Russia forces has claimed to have fully captured Mariupol in what would be its biggest victory yet in its war with Ukraine, marking an end to a weeks-long attack that left the strategic port city in ruins.
Russian defence minister Sergei Shoigu reported to President Vladimir Putin on Friday the “complete liberation” of the Azovstal steel plant in Mariupol, and the city as a whole, spokesman Igor Konashenkov said.
“The territory of the Azovstal metallurgical plant … has been completely liberated,” the defense ministry said in a statement. It said a total of 2,439 Ukrainian fighters who had been holed up at the steelworks had surrendered since Monday, including more than 500 on Friday.
A defence ministry video purporting to show the surrender showed a line of unarmed men approaching Russian soldiers outside the plant and giving their names. The Russians then carefully searched each man and their possessions and also appeared to be asking them to show their tattoos.
Ukraine’s General Staff of Armed Forces did not comment on Russia’s claims in its morning update on Saturday.
Hours earlier, Ukrainian President Volodymyr Zelenskyy said the last defenders at the steelworks had been told by Ukraine’s military that they could get out and save their lives. The Ukrainians did not immediately confirm the Russian figures on Azovstal.

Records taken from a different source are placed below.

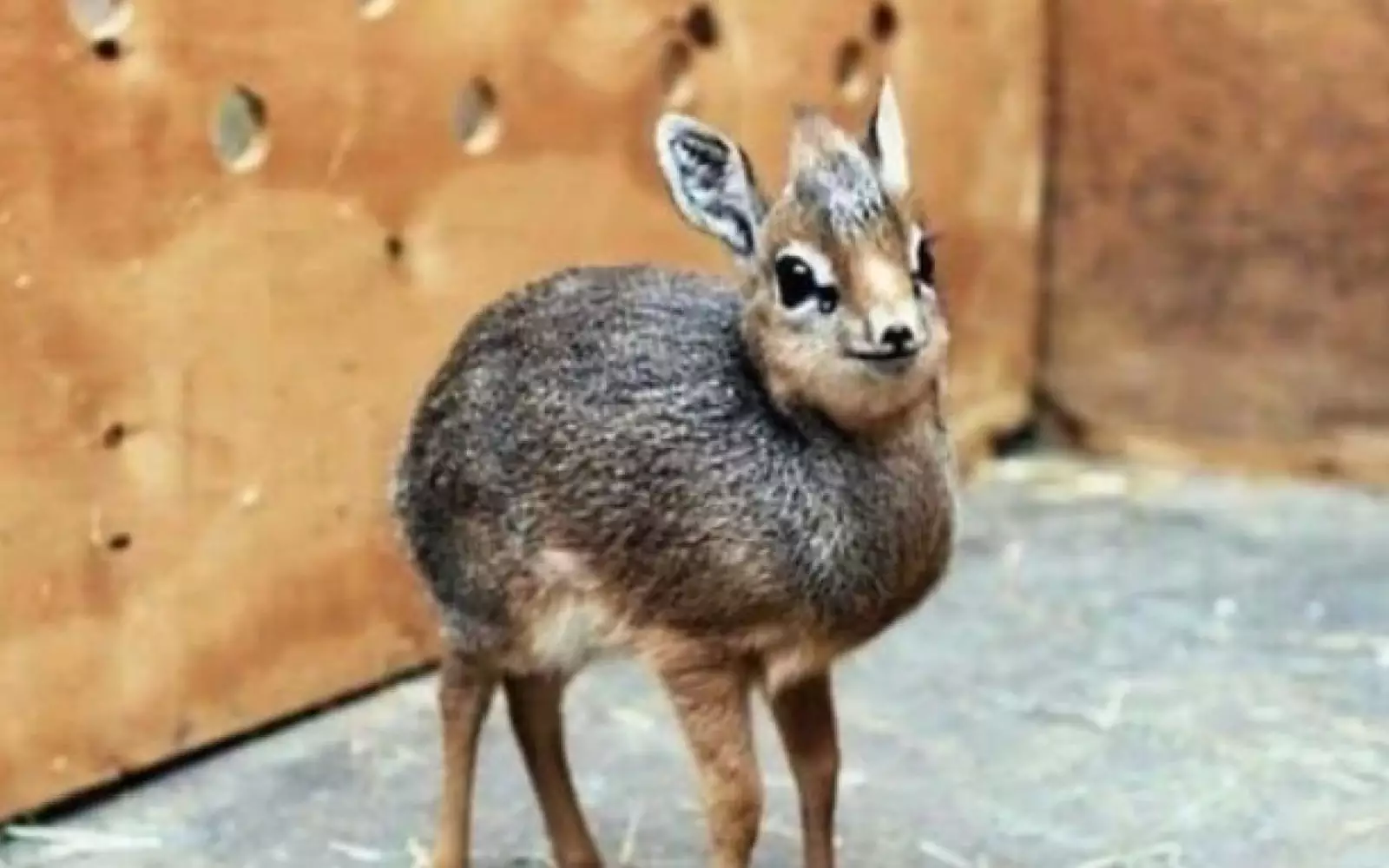 Маленький дикдик. Маленький дикдик.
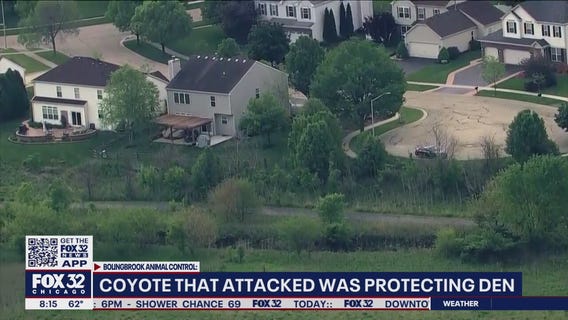 Woman, dog attacked by coyote protecting pups: Bolingbrook police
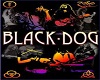 Led Zepplin BLACK DOG
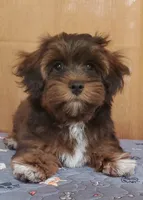 Akc Ch.Grt. Gr.Sr. Red Sable , a male Havanese for sale in Olean, NY – 5 of 8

The abandonment of the bunkers and tunnels of the bombed-out plant by the Azov Regiment means an end to the most destructive siege of a war that began when Russia invaded Ukraine nearly three months ago.
Much of Mariupol has been reduced to a smoking ruin, with more than 20,000 civilians feared dead.
The defence of the steel mill had been led by Ukraine’s Azov regiment, whose far-right origins have been seized on by the Kremlin as part of an effort to cast its invasion as a battle against Nazi influence in Ukraine. Russia said the Azov commander was taken away from the plant in an armoured vehicle.
Russian authorities have threatened to investigate some of the steel mill’s defenders for war crimes and put them on trial, branding them “Nazis” and criminals. That has stirred international fears about their fate.
Badly needed victory for Putin
The steelworks, which sprawled across 11 square kilometres ( four square miles), had been the site of fierce fighting for weeks. The dwindling group of outgunned fighters had held out, drawing Russian air raids, artillery and tank fire, before their government ordered them to abandon the plant’s defence and save themselves.
The complete takeover of Mariupol gives Putin a badly needed victory in the war he began on February 24 – a conflict that was supposed to have been a lightning conquest for the Kremlin but instead has seen its failure to take the capital of Kyiv, a pullback of forces to refocus on eastern Ukraine, and the sinking of the flagship of Russia’s Black Sea fleet.
Military analysts said Mariupol’s capture at this point is of mostly symbolic importance, since the city was already effectively under Moscow’s control and most of the Russian forces that were tied down by the fighting there had already left.
Mariupol endured some of the worst suffering of the war and became a worldwide symbol of defiance. An estimated 100,000 people remained out of a pre-war population of 450,000, many trapped without food, water, heat or electricity. Relentless bombardment left rows upon rows of shattered or hollowed-out buildings.
The Kremlin had sought control of Mariupol to complete a land corridor between Russia and the Crimean Peninsula, which it seized from Ukraine in 2014, and free up troops to join the larger battle for the Donbas. The city’s loss also deprives Ukraine of a vital seaport.